══ Data for the task ══
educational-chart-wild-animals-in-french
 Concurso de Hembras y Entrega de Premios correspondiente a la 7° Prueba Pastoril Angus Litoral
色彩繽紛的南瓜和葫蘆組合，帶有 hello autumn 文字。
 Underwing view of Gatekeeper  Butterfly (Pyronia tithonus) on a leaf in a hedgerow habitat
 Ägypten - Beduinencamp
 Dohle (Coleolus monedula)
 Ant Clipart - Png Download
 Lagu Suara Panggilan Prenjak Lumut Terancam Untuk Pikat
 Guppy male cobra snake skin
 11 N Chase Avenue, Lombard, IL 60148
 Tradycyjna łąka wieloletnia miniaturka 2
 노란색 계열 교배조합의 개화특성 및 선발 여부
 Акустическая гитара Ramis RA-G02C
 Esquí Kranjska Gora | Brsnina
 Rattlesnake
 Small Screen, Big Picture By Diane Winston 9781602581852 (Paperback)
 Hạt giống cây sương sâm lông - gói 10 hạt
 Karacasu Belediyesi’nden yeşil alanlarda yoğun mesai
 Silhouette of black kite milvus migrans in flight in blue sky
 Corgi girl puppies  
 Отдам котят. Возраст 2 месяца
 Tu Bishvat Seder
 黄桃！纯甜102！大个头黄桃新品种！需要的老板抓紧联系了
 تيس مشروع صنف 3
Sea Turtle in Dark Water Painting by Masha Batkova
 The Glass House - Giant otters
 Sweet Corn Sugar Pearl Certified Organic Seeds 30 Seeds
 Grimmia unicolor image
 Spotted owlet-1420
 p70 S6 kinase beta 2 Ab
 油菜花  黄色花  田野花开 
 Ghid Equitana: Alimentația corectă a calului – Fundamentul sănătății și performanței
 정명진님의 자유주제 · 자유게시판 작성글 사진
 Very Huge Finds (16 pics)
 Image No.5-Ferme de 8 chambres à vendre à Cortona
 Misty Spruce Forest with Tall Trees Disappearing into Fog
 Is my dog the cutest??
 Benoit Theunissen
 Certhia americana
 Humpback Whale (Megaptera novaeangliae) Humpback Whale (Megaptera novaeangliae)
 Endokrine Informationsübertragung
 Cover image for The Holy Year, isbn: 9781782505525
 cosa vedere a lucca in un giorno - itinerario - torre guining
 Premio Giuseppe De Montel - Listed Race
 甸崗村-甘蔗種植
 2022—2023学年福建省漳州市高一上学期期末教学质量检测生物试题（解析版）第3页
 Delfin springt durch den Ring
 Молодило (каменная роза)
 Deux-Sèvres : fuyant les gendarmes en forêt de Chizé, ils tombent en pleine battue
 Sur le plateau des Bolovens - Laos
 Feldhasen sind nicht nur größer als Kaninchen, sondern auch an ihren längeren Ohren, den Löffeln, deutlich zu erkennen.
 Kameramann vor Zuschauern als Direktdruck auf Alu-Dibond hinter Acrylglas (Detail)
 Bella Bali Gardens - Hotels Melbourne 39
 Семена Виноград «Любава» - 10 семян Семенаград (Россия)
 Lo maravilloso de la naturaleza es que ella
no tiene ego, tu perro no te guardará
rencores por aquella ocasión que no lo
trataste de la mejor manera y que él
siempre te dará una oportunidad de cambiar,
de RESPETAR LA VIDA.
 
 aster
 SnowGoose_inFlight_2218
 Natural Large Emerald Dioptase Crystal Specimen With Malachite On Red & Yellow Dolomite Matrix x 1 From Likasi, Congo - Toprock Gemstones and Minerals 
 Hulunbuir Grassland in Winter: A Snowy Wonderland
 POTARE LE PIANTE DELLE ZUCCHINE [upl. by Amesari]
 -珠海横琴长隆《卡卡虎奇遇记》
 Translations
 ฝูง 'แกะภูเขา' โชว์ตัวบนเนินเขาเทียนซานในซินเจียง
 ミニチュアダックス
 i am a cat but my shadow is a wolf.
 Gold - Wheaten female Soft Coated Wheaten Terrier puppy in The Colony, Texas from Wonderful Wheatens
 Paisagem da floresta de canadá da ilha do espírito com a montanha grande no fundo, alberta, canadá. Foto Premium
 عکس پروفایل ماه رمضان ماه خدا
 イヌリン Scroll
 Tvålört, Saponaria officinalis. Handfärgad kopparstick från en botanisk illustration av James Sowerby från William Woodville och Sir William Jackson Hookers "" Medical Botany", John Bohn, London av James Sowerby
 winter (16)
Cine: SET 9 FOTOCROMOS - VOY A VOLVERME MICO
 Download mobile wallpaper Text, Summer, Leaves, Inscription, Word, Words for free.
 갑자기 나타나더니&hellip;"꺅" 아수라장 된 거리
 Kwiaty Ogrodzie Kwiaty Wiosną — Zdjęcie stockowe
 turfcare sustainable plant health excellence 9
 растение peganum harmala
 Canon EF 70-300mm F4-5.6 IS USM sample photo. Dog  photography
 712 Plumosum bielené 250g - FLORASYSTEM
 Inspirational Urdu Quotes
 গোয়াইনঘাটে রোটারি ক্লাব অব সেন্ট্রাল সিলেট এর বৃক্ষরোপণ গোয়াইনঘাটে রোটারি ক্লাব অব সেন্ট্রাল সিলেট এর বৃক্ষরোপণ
═══
*What you need to do*: Please reproduce, exactly as they appear above, the lines from the line containing "Sweet Corn Sugar" up to and including the line containing "семян Семенаград (Россия)".

*Solved problem*:
 Sweet Corn Sugar Pearl Certified Organic Seeds 30 Seeds
 Grimmia unicolor image
 Spotted owlet-1420
 p70 S6 kinase beta 2 Ab
 油菜花  黄色花  田野花开 
 Ghid Equitana: Alimentația corectă a calului – Fundamentul sănătății și performanței
 정명진님의 자유주제 · 자유게시판 작성글 사진
 Very Huge Finds (16 pics)
 Image No.5-Ferme de 8 chambres à vendre à Cortona
 Misty Spruce Forest with Tall Trees Disappearing into Fog
 Is my dog the cutest??
 Benoit Theunissen
 Certhia americana
 Humpback Whale (Megaptera novaeangliae) Humpback Whale (Megaptera novaeangliae)
 Endokrine Informationsübertragung
 Cover image for The Holy Year, isbn: 9781782505525
 cosa vedere a lucca in un giorno - itinerario - torre guining
 Premio Giuseppe De Montel - Listed Race
 甸崗村-甘蔗種植
 2022—2023学年福建省漳州市高一上学期期末教学质量检测生物试题（解析版）第3页
 Delfin springt durch den Ring
 Молодило (каменная роза)
 Deux-Sèvres : fuyant les gendarmes en forêt de Chizé, ils tombent en pleine battue
 Sur le plateau des Bolovens - Laos
 Feldhasen sind nicht nur größer als Kaninchen, sondern auch an ihren längeren Ohren, den Löffeln, deutlich zu erkennen.
 Kameramann vor Zuschauern als Direktdruck auf Alu-Dibond hinter Acrylglas (Detail)
 Bella Bali Gardens - Hotels Melbourne 39
 Семена Виноград «Любава» - 10 семян Семенаград (Россия)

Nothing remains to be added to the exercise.